Earth’s atmosphere was sent spiraling off balance, even though these were the first steps toward our planet becoming what it is today. You’d think the extra CO2 would have warmed the planet, since today it’s the primary villain in climate change. But the opposite happened. The newly minted oxygen attacked the methane that was initially abundant. Methane is CH4, and oxygen smashed this larger molecule into fragments as it latched onto its C and its H to form carbon dioxide and water vapor. Since the new CO2 and H2O were both less effective greenhouse gases than the CH4, the methane it replaced, Earth got cooler.
Thus, one of the early consequences of the oxygen holocaust was that ice ages began. But even before these took a toll on Earth’s life-forms, the oxygen was deadly to the prevailing anaerobic organisms. The cyanobacteria, by unleashing a very un-Darwinian mass homicide/suicide, created the first global cataclysm since the moon’s birth, wiping out most of the life on our planet.
Needless to say, this oxygen catastrophe had a plus side; it led to an event that was probably the most dramatic and important in the history of our world. Yet, in an indictment of our education system, if people are asked to name the single most influential occurrence in the planet’s history, few are knowledgeable enough to cite the Cambrian explosion. Most people probably don’t even know what it is.
The Cambrian explosion might sound like some sort of huge detonation, one more item in our recitation of cataclysms, but it’s almost the exact opposite—it’s the odd term for the sudden remarkable appearance and proliferation of multicellular animals and plants. Prior to this time, which was about five hundred and fifty million years ago, life was invisible. It was all microscopic. Now a strange, wild profusion of large creatures materialized quickly and globally.

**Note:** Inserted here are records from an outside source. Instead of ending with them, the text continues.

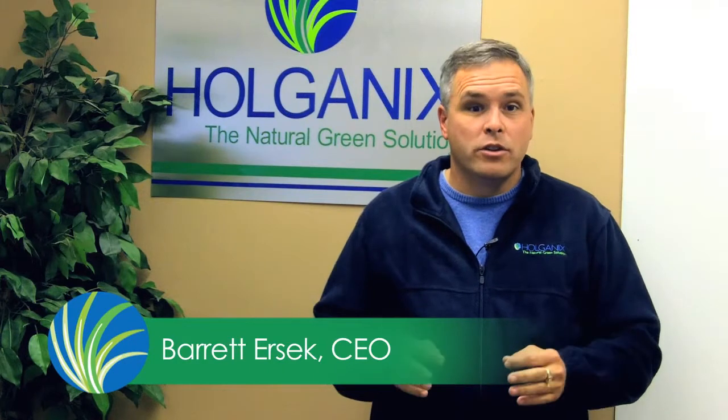Hello, Barrett Ersek here from Holganix, here to talk to you today about pre-emergence. Spring is right around the corner and everybody should be thinking about putting down pre-emergent crabgrass control. We want to get that down before the crabgrass germinates — that's after all why it's called pre-emergent. It's before the crabgrass plant emerges. The best way to control crabgrass is to stop the seeds from ever germinating.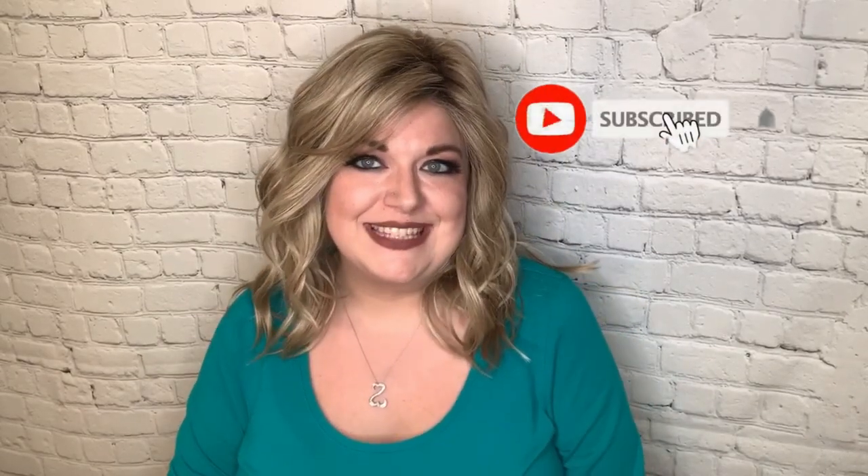Hi, welcome back to Wiggin' with Christy. I'm Christy, and I'm bringing you a review today of a wig that I've reviewed before, but in a different color.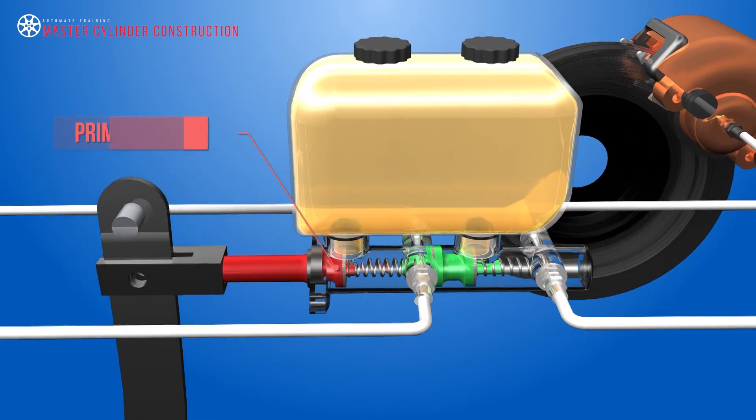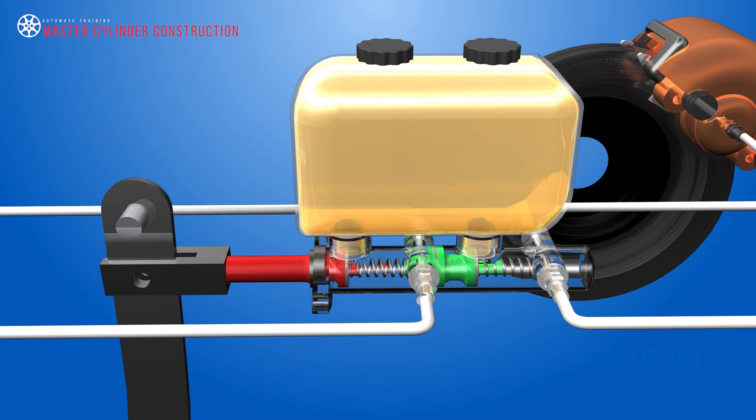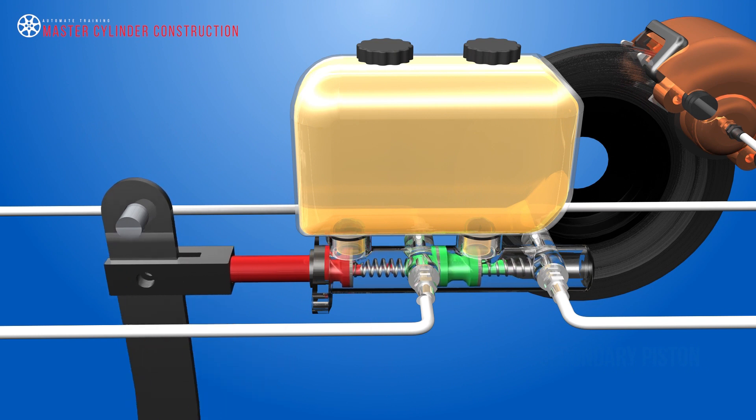The primary piston assembly has a seal located in a machine groove at the front and a secondary cup or o-ring at the rear. The secondary piston has two primary seals located in grooves, one facing forward and one facing rearward. Return springs are used to push the pistons back to their rest position when the brake pedal is released.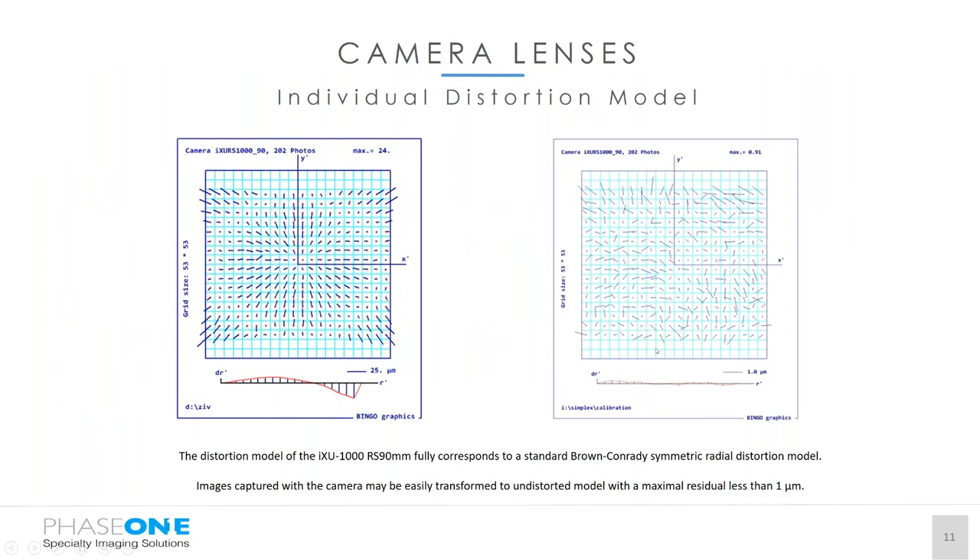All our cameras are fully metric, and our lenses are all made and tested in our factory in Japan. Every single lens has a distortion model assigned to it — we know exactly where the distortion is on that lens corresponding to the camera body and the back. This always gives a distortion-free image on the fly, so you don't have to do anything afterwards. It's fully calibrated to give you a full distortion-free image, which makes a big difference when post-processing.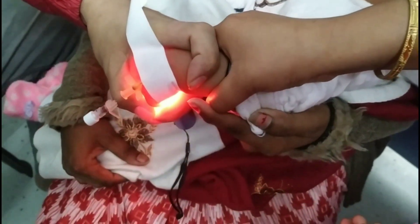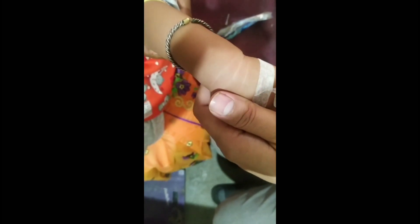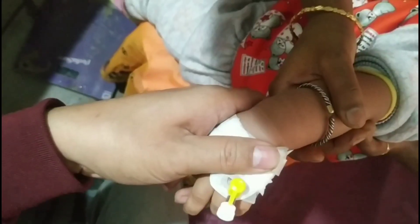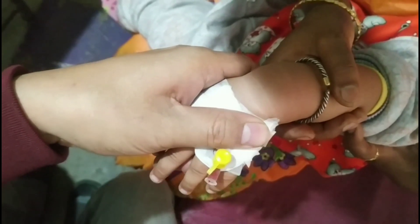Baby's and kids' skin is quite thin as compared to adults, so the infrared light can pass through the skin easily. The hemoglobin of the blood running through the vein absorbs the infrared light and makes it more visible to eyesight.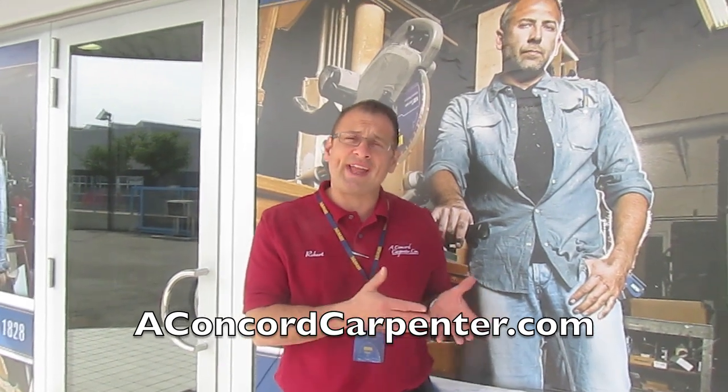Hi, I'm Rob Robloy at ConcordCarpenter.com. I'm here in Udine, Italy to visit the Irwin state-of-the-art saw blade making facility. Let's go inside and check it out.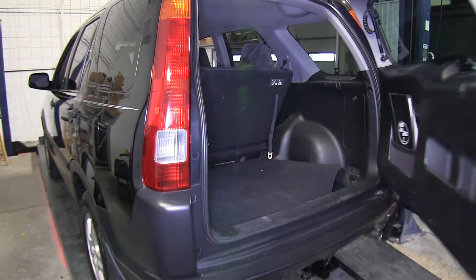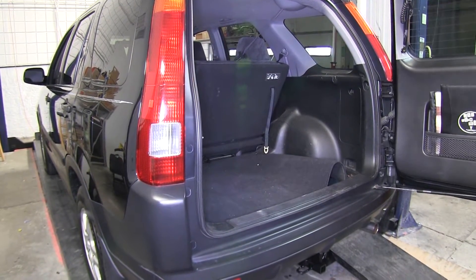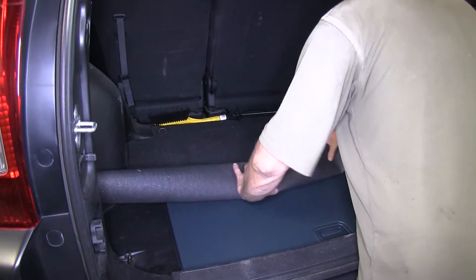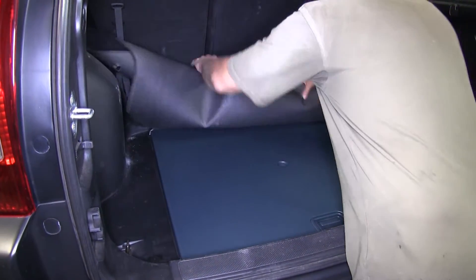Our connector is going to be inside the vehicle, so we're going to open up the back door and go ahead and remove the interior floor coverings, the panel underneath, and also the liner and the spare tire well.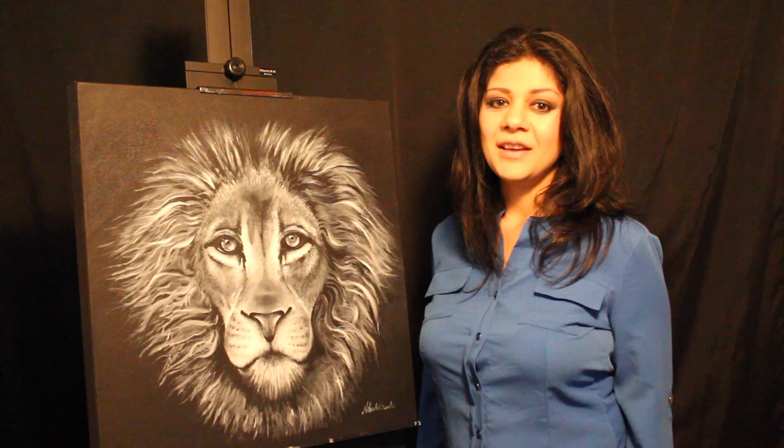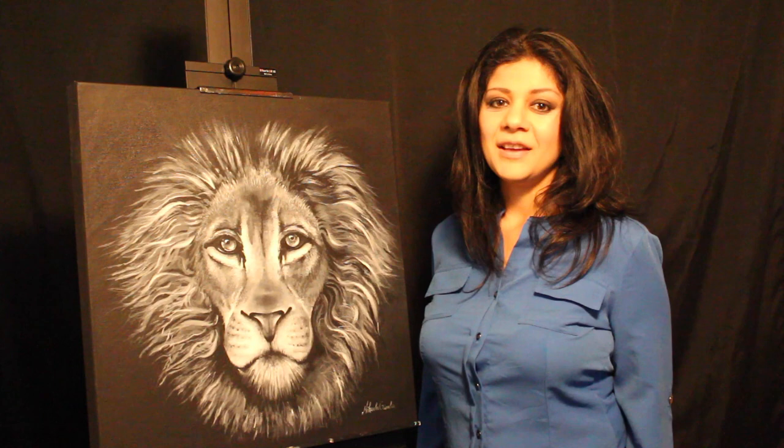Hi, I'm Michaela Gimlin. Today I'm going to paint for you a lion in black and white using acrylic on a 20 by 20 inch canvas. Thanks for watching and remember, art makes the world a better place.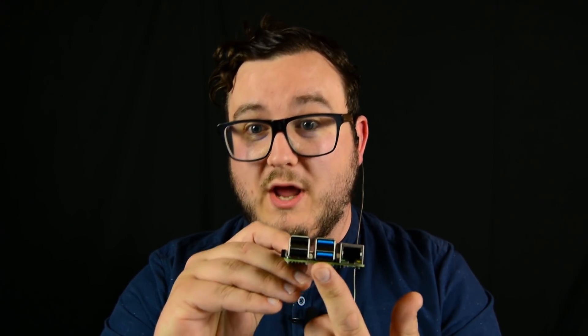So you mentioned the USB ports — there are two USB 3 and two USB 2. The USB 3 is kind of saved for anything that's fast and power hungry because you get more juice out of it, whereas the USB 2 — save it for your keyboard and mouse.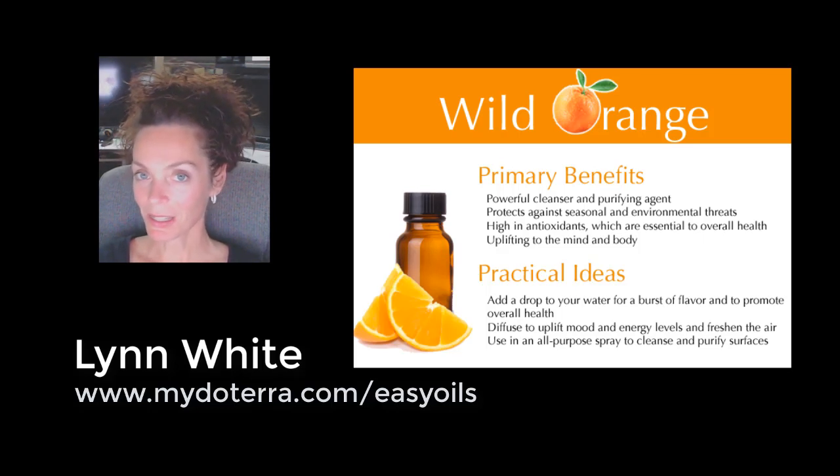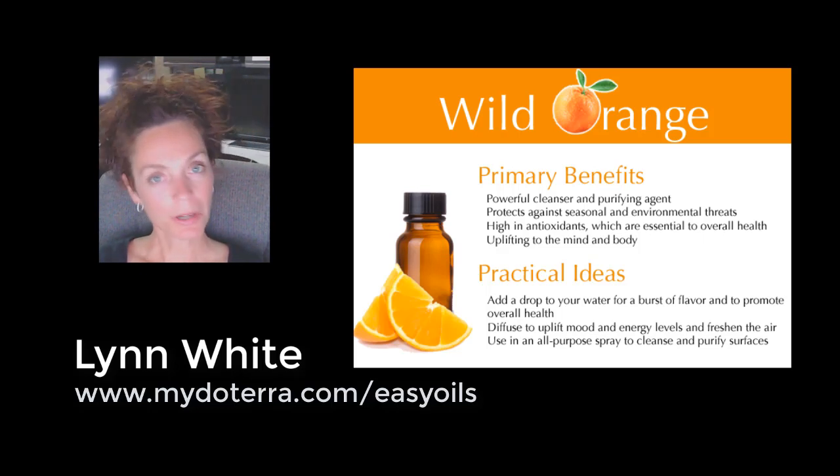The smell is so fresh and revitalizing. For an energy boost, a lot of people put a few drops in their hand — sometimes mixing it with peppermint or frankincense, but you can do it plain — and then just smell it. It's that aroma that's very uplifting.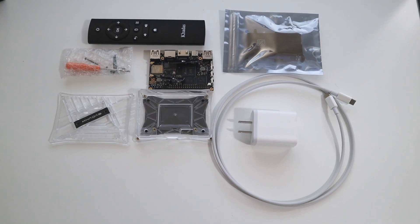Hey guys, what is going on? It's Don here from Nova Spirit Tech and today we are going to be taking a look at the Khadas Vim 3. So let's get started.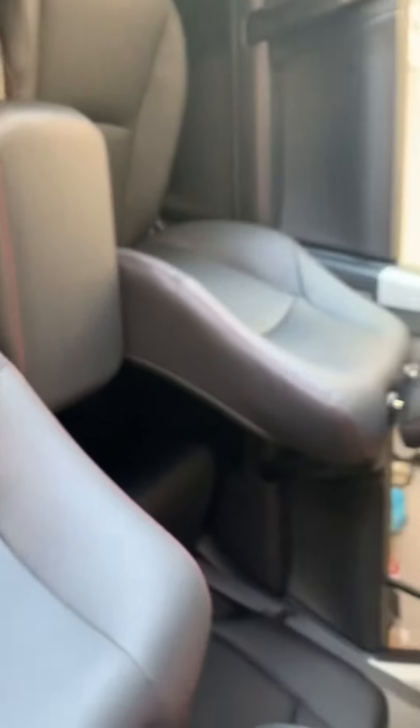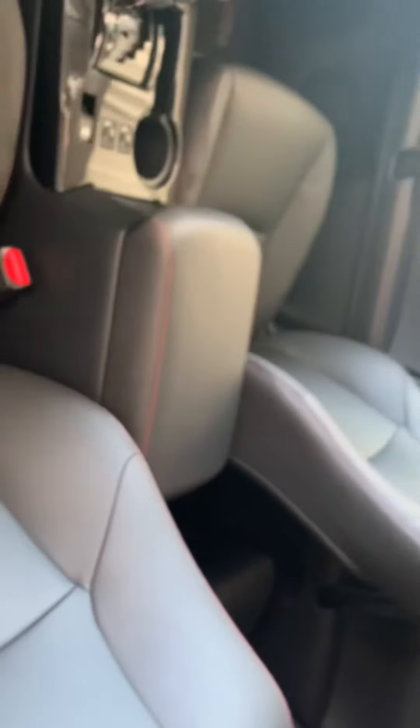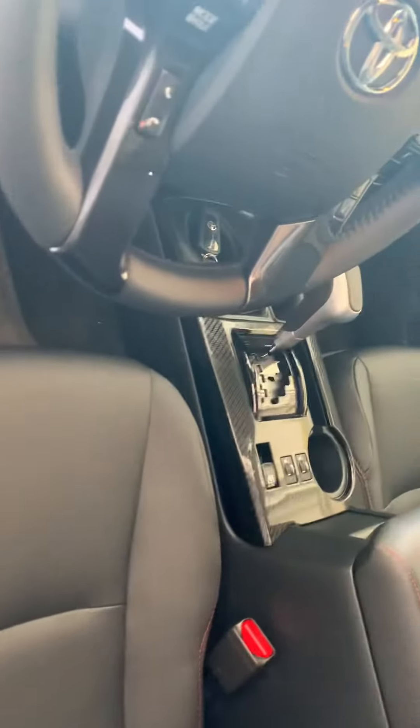All right guys, now I've cleaned it up a little bit. That's what it looks like inside. I've taken off the car seat, so let's go to the second row. Car seat is gone, that's what it looks like. You still have that red stitching right here, on the sides right here, and on the center.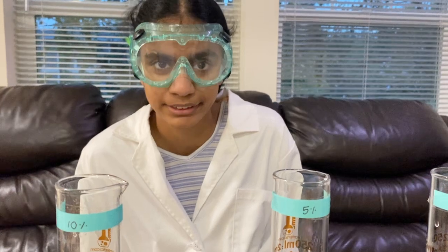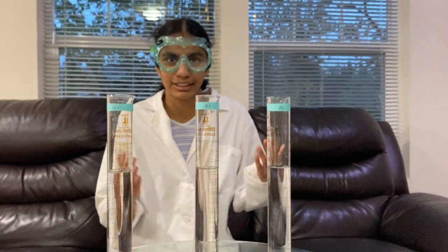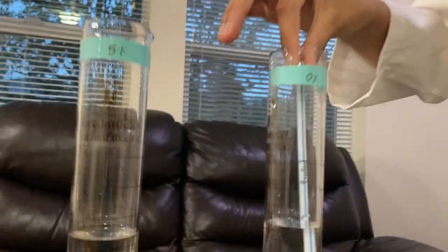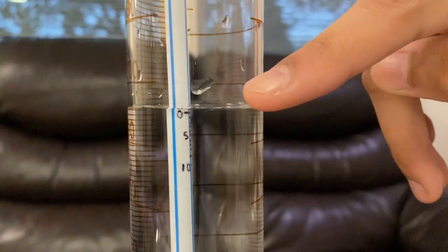Again, these 100 milliliters account for the volume of those 10 grams. Now I'll be placing our salinometer in these solutions. This is my 0% salt solution and I'm going to place my salinometer. As you can see, the water level is hitting right where the 0% marking is, because it's a 0% salt solution.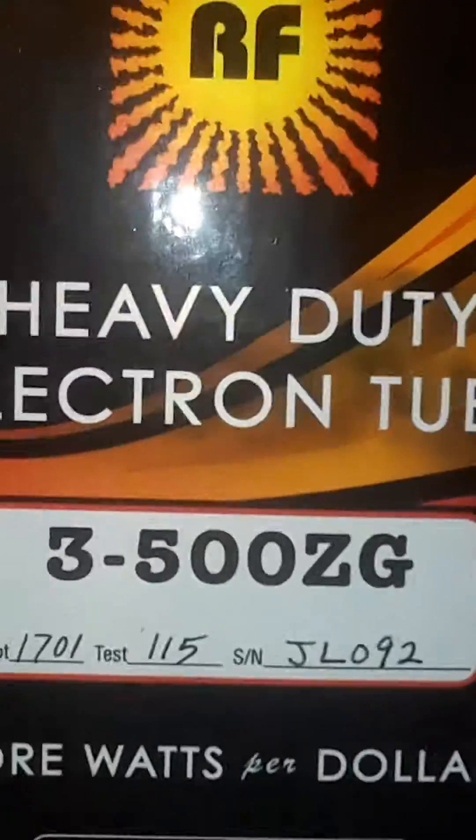Today we're gonna break open this brand new RFP2. Let me get my headphones out of the way. We're gonna crack open this brand new RFP2 — everything looks to be correctly intact from RF Plots. Okie dokie, all right.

And although the first creatures, like trilobites, looked alien, and the plants were largely different from today’s flora (there was no such thing as grass, for example), the planet was now a visibly alive biosphere. The oxygen holocaust had effectively erased a global situation that had endured for hundreds of millions of centuries.
We oxygen-adorers, or at least those of us with a them-versus-us mind-set, might hesitate to label that wipeout of non-oxygen-loving creatures a cataclysm. But you’d feel differently, of course, if you were the final anaerobic organism watching your extended family die off, knowing that this was really the end of an era that had endured for not millions but billions of years.
Enough violin music. Now that the scene has shifted to a planet that is more familiar, we can focus on the cataclysms that were the greatest of all in terms of affecting our kith and kin, the beloved multicellulars.